=== Begin Enclosure ===

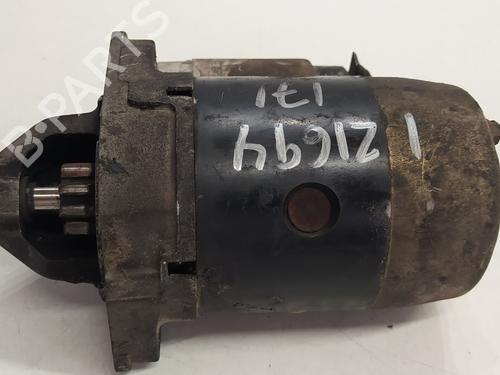 Starter HYUNDAI ACCENT I (X-3) 1.3 | BP15673580M8 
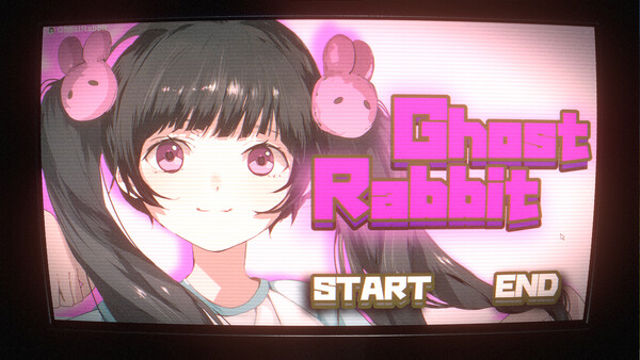 Hình ảnh gameplay Log in-TENOKE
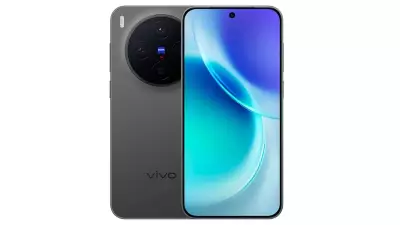 Vivo X300 Ultra India Launch Tipped: Quad Cameras, 7000mAh Battery Expected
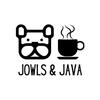 jowlsandjava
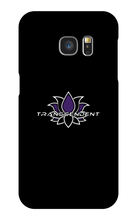 tesportsrl Samsung Phone Cases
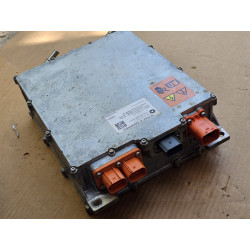 05185047AC Chrysler Pacifica Battery Charger Converter 2018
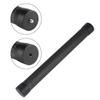Extension Monopod Pole Extendable Stick for DJI Extension Pole Stick 1/4'' Thread Stabilizer Rod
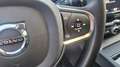 Volvo XC60 2.0 B4 D Core Auto Weiß - thumbnail 42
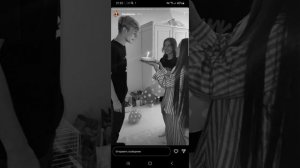 С днем рождения, Кирилл с восемнадцати летием тебя.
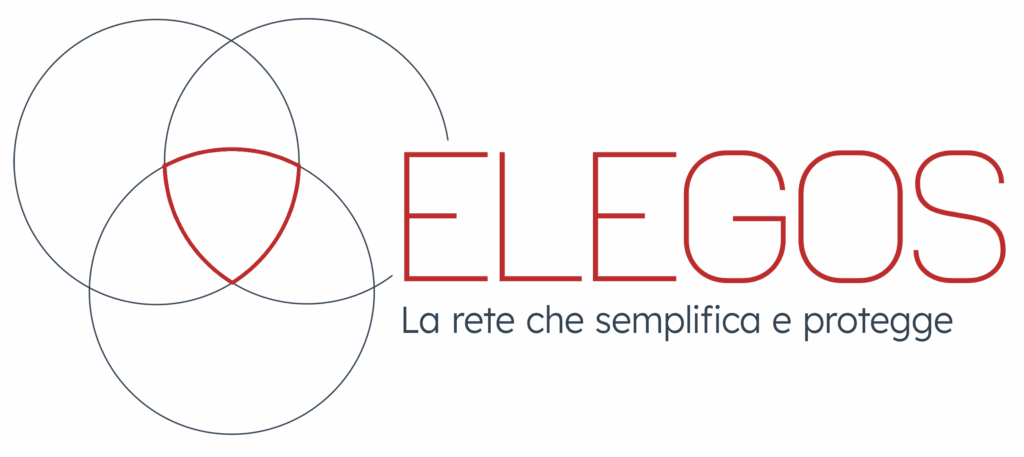 logo elegos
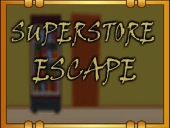 Superstore escape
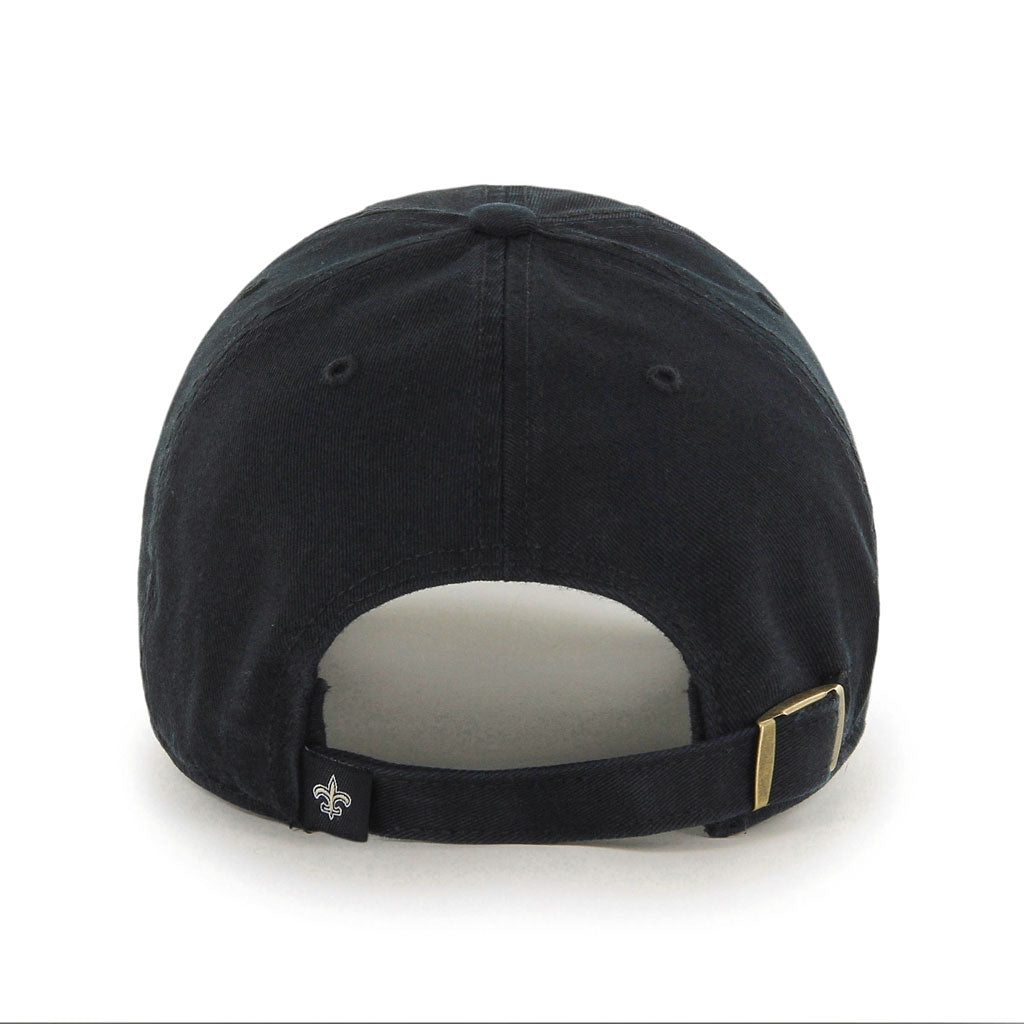 New Orleans Saints NFL '47 CLEAN UP - 47 Brand Canada
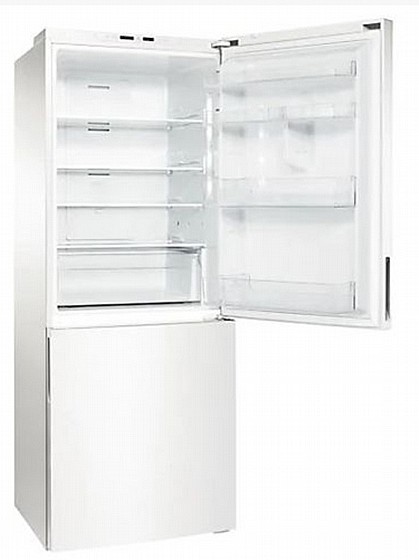 ���� ������ ����� Samsung RL4324RBAWW �450 ����� ������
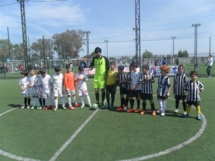 Sport & Go - Messina 25.26 aprile 2015 (93)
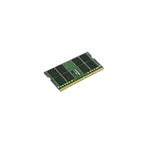 KVR32S22S8/16 - (DDR4 1x16GB 3200 CL22)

=== End Enclosure ===

*Aim of the task*
Copy out the lines exactly as written, beginning with the one that contains "tesportsrl Samsung Phone Cases" and ending with the last line of the material; do not include pictures.

*Output for this exercise*
 tesportsrl Samsung Phone Cases
 05185047AC Chrysler Pacifica Battery Charger Converter 2018
Extension Monopod Pole Extendable Stick for DJI Extension Pole Stick 1/4'' Thread Stabilizer Rod
 Volvo XC60 2.0 B4 D Core Auto Weiß - thumbnail 42
 С днем рождения, Кирилл с восемнадцати летием тебя.
 logo elegos
 Superstore escape
 New Orleans Saints NFL '47 CLEAN UP - 47 Brand Canada
 ���� ������ ����� Samsung RL4324RBAWW �450 ����� ������
 Sport & Go - Messina 25.26 aprile 2015 (93)
 KVR32S22S8/16 - (DDR4 1x16GB 3200 CL22)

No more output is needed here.